July 16, 2012 — The American College of Cardiology (ACC) and the American College of Radiology (ACR) are warning that the extreme cuts to funding for medical imaging scans in the 2013 Medicare Physician Fee Schedule Proposed Rule are unnecessary, unfounded and will undermine patient care.

The proposed rule calls for an expansion of the multiple procedure payment reductions for interpretation of scans performed on the same patient, in the same session on the same day, to all providers in the same practice or hospital. The Centers for Medicare and Medicaid (CMS) expanded both the number of physicians affected by this policy and the number of exams. ACR issued a statement explaining there is no publicly available evidence to support a 25 percent reduction to physician interpretation payments in general. A 2011 study proves that any efficiencies in the multiple procedure setting are highly variable and, at most, total one-fifth of what CMS contends. No efficiencies in care support a funding cut when different physicians in a group practice interpret separate imaging scans for the same patient, ACR stated.

“The proposed Medicare physician fee schedule rule undeniably has negative consequences for physicians and their patients," said ACC President William Zoghbi, M.D., FACC. "In addition to the mandated 27 percent sustainable growth rate (SGR) cut, CMS proposes an additional 3 percent reduction for cardiovascular services.

“Part of these cuts result from a misguided policy that will reduce payment if more than one diagnostic cardiovascular service is provided on the same day. This policy disadvantages physicians who aim for efficiency and reduces payments based on a misguided understanding of how different services, such as echocardiography and SPECT imaging, are from one another.  Furthermore, it would lead to a major inconvenience to patients. We aim to demonstrate to CMS why this proposal would not be beneficial.   

“Congress has until the end of 2013 to come up with a solution to the flawed SGR payment formula and to prevent next year’s SGR-based cut, currently estimated at 27 percent, from taking effect. The need to fix SGR continues to be a top priority in the United States.
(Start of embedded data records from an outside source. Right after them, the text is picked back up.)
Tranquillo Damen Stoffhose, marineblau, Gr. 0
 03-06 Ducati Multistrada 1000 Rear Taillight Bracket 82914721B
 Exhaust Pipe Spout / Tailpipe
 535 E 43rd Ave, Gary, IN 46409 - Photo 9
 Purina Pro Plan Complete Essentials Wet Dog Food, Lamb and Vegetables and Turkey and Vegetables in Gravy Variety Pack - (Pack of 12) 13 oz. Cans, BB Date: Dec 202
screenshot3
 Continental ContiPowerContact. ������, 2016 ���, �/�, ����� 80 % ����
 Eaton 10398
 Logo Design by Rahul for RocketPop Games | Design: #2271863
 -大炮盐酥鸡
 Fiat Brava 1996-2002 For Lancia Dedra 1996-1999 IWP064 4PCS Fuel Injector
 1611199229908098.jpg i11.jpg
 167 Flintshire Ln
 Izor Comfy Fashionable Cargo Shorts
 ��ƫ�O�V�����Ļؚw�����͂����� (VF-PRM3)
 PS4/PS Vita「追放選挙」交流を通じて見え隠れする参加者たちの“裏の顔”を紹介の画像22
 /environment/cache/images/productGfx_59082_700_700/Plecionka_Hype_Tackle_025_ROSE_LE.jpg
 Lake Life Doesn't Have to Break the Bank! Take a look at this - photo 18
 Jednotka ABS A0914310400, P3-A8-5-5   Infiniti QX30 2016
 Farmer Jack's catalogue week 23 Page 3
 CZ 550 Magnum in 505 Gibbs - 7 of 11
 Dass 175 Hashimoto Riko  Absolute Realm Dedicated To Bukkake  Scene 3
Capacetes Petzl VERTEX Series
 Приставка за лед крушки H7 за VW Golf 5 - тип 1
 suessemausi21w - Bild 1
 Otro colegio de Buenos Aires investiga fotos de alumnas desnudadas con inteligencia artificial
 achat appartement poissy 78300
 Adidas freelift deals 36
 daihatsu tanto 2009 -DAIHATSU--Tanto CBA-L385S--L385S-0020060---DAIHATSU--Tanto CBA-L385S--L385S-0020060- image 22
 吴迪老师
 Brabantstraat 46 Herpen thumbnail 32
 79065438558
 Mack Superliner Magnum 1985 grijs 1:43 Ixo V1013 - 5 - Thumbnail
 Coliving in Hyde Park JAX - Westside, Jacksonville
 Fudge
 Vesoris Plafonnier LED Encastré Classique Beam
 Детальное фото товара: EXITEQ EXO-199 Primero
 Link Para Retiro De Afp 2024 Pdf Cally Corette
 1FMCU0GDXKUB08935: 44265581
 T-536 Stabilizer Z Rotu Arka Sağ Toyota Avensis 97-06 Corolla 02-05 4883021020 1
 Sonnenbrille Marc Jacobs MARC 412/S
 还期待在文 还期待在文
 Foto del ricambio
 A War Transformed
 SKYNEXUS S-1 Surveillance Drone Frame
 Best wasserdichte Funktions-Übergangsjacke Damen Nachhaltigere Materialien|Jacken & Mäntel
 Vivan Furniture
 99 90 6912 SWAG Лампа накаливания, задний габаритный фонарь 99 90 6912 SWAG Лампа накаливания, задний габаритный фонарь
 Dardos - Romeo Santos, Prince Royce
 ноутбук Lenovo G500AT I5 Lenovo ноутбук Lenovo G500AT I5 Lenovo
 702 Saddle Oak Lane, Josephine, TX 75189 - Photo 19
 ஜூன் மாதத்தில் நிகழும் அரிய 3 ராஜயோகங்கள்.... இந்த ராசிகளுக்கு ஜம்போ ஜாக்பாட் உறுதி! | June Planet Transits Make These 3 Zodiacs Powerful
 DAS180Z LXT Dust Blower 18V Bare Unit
“With the Accountable Care Act (ACA) ruling behind us, it's time to continue down the path to healthcare reform. The American College of Cardiology’s goal is a sustainable system that rewards quality and focuses on patient-centered care.  While this rule takes steps in that direction, it is undermined by old ways of cutting payments without improving quality.”

The ACR also issued a strongly worded statement about the cuts.

“These cuts affect primarily those suffering from multiple trauma or heart attacks, stroke patients and those with widespread cancer — all of whom often require multiple imaging scans to survive," said Paul Ellenbogen, M.D., FACR, chair of the American College of Radiology Board of Chancellors. "Interpretation of these scans often requires expertise of different physicians. These are not screening exams for otherwise healthy people. They are for people with immediately life-threatening illnesses or injuries. These cuts discourage doctors from working as a team and pull the rug out from under the very physicians working to save these people’s lives."